The production and consumption of olive oil in Spain have experienced a real revolution in recent decades

The renaissance of extra virgin olive oil

The recovery of an almost forgotten product, extra virgin quality oils, and the revaluation of our rich and diverse olive tradition, are some of its main effects.

Botella aceite

At the beginning of the eighties of the last century, olive oils, which today we call extra virgin, was practically absent from the sales shelves and the few that could be found were generally of fairly mediocre quality.

The Spanish market was dominated by a second quality, which is simply called "olive oil", a combination of olive oil refined, practically tasteless, to which variable percentages of virgin oil are added to rebuild its aroma and flavor.

Olive oil is a good product, without a doubt, and superior to refined seed oils, but it does not have the status of being a natural olive juice, with all the aroma and flavor of the fruit from which it comes, such as oil extra virgin.

The industrial process of refining was discovered in the early 20th century in order to make solvent-extracted seed oils edible. Its application to poor quality virgin olive oils, the so-called “lampante” oils, had a huge impact. The great Tortosa native Daniel Mangrané Escardó explained it in this way in his work “The Olive Oils of Spain”, published in 1961.
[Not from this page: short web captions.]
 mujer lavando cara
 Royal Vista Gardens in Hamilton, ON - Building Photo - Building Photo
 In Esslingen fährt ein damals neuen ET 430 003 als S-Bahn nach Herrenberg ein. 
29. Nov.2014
“The possibility of converting bad oils (lampantes) into perfectly edible oils led to less and less care being taken in obtaining them. Little by little, the production of fine oils (today called extra virgin), carefully obtained until then in certain regions, decreased.
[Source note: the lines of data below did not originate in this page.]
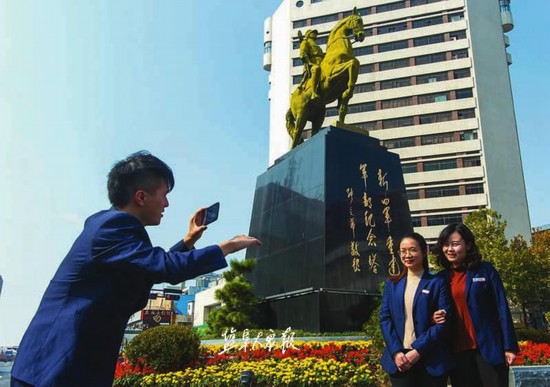 盐城"大铜马"复位后成"网红" 摄影家指点最佳拍摄角度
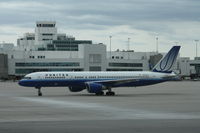 N524UA @ KDEN - Boeing 757-200 - by Mark Pasqualino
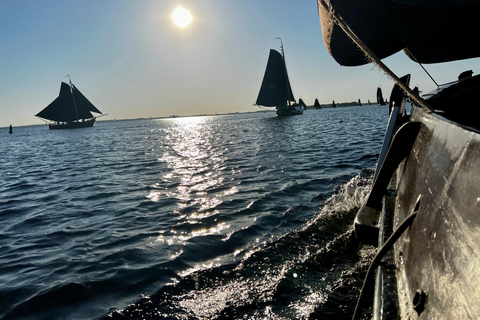 Spakenburg: Rejs autentyczną łodzią rybacką o zachodzie słońcaSpakenburg: Rejs o zachodzie słońca autentyczną łodzią rybacką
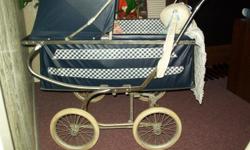 a blue &nbsp;babycarriage/babybed combo.
baby compartment liifts out for carbed.1960's era,excallent cond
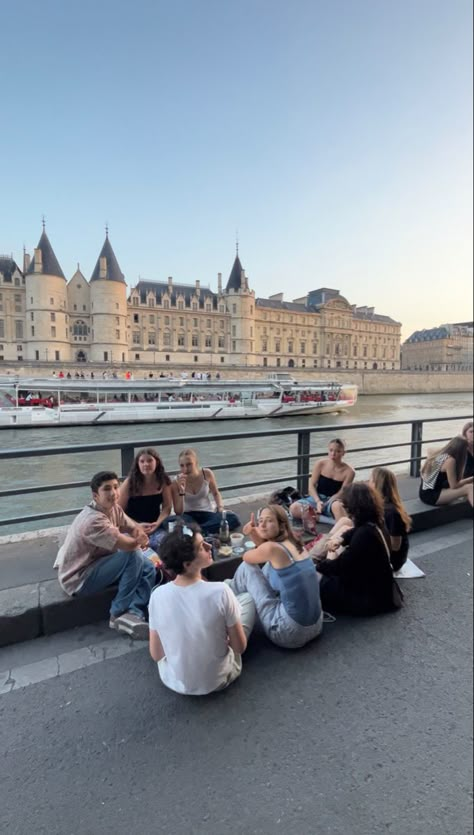 Teenage Travel Aesthetic, France Exchange Student, Paris Student Aesthetic, School Travel Aesthetic, Paris Friends Aesthetic, Paris School Trip, Friend Trip Aesthetic, Paris Teenager, Summer In Paris Aesthetic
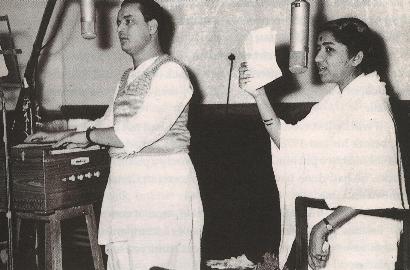 Some of the most enchnting romantic duets have been sung by Lata and Mukesh (Pic courtesy: Lata Online)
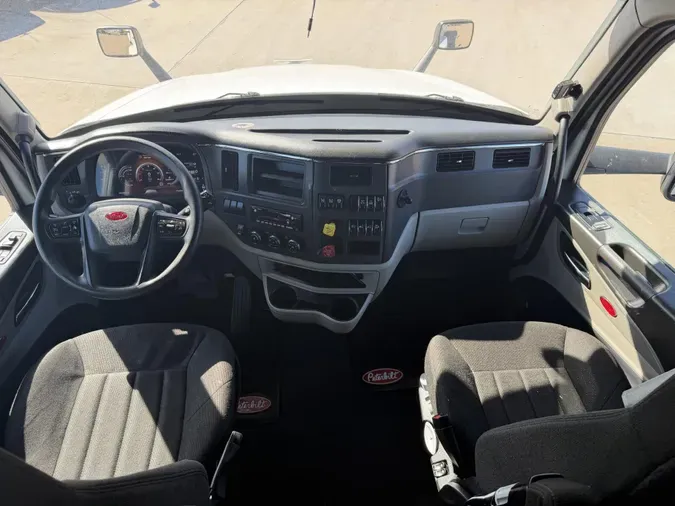 2021 Peterbilt 579b10c67a9726ef4486c48e9b9d4935854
Gradually, the general public became accustomed to refined oil, which was always far superior to the defective oils that it used to consume until then, and true fine olive oils practically disappeared from consumption. The market came to forget its existence and it can even be said that it has been unaware of it ever since.”

Fortunately, in line with the general development of the country, the Spanish olive oil sector has been able to face, in recent decades, a profound renewal process thanks to which the production of virgin oils without defects, therefore of extra quality, has gradually increased. .
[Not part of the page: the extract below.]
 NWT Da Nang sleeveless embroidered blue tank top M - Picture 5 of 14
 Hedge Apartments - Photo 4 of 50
At the same time, consumers were also rediscovering and recovering their taste for extra virgin oils, which today can represent approximately just over 30 percent of the total consumption of olive oils in Spain.

The confusion between the various types, "Virgin", “extra virgin”, "olive oil" it is still a brake on the development of the market because many users do not know how to differentiate, select and enjoy them.

The taste quality of extra virgin olive oil has not ceased to improve in Spain. Nowadays, advanced cultivation systems allow almost perfect fruits to be obtained, which are harvested early, at the optimal moment of maturation, when the oil contained inside has reached its greatest richness of aromas and flavours.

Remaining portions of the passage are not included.